Install the Python package using the following command:

pip install lidar

And use:

import os
import pkg_resources
import lidar

# identify the sample data directory of the package
package_name = 'lidar'
data_dir = pkg_resources.resource_filename(package_name, 'data/')

# use the sample dem. Change it to your own dem if needed
in_dem = os.path.join(data_dir, 'dem.tif')
# set output directory. By default, use the temp directory under user's home directory
out_dir = os.path.join(os.path.expanduser("~"), "temp")

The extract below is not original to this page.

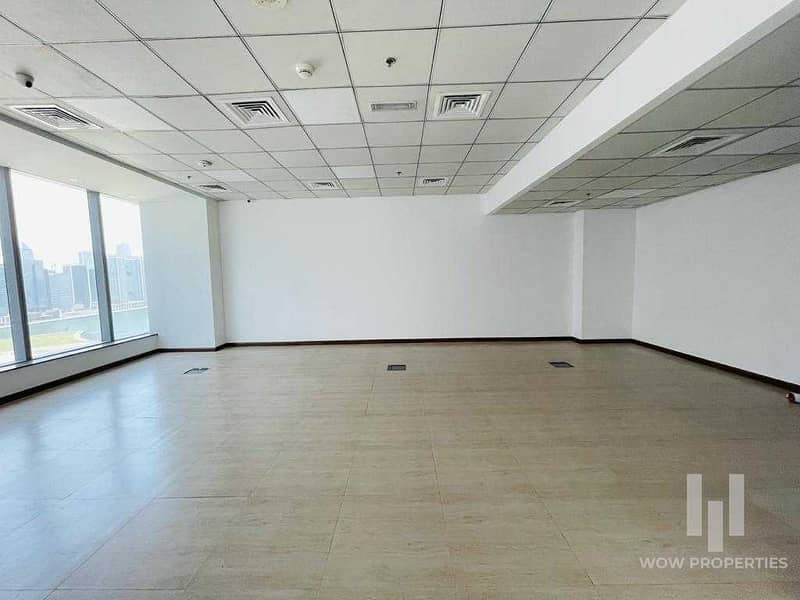 6 Fully Fitted Office For Rent In Business Bay I 830 SQFT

# parameters for identifying sinks and delineating nested depressions
min_size = 1000      # minimum number of pixels as a depression
min_depth = 0.5      # minimum depth as a depression
interval = 0.3       # slicing interval for the level-set method
bool_shp = False     # output shapefiles for each individual level

# extracting sinks based on user-defined minimum depression size
out_dem = os.path.join(out_dir, "median.tif")
in_dem = MedianFilter(in_dem, kernel_size=3, out_file=out_dem)
sink_path = ExtractSinks(in_dem, min_size, out_dir)
dep_id_path, dep_level_path = DelineateDepressions(sink_path, min_size, min_depth, interval, out_dir, bool_shp)

Check the example.py for more details.

Dependencies

lidar’s Python dependencies are listed in its requirements.txt file. In addition, lidar has a C library dependency: GDAL >=1.11.2. How to install GDAL in different operating systems will be explained below. More informaton about GDAL can be found here.

Linux

The following commands can be used to install GDAL for Linux distributions.

sudo add-apt-repository ppa:ubuntugis/ppa
sudo apt-get update
sudo apt-get install gdal-bin libgdal-dev

After installing GDAL, the following commands are recommended before installing PyGDAL to avoid potential compiling errors.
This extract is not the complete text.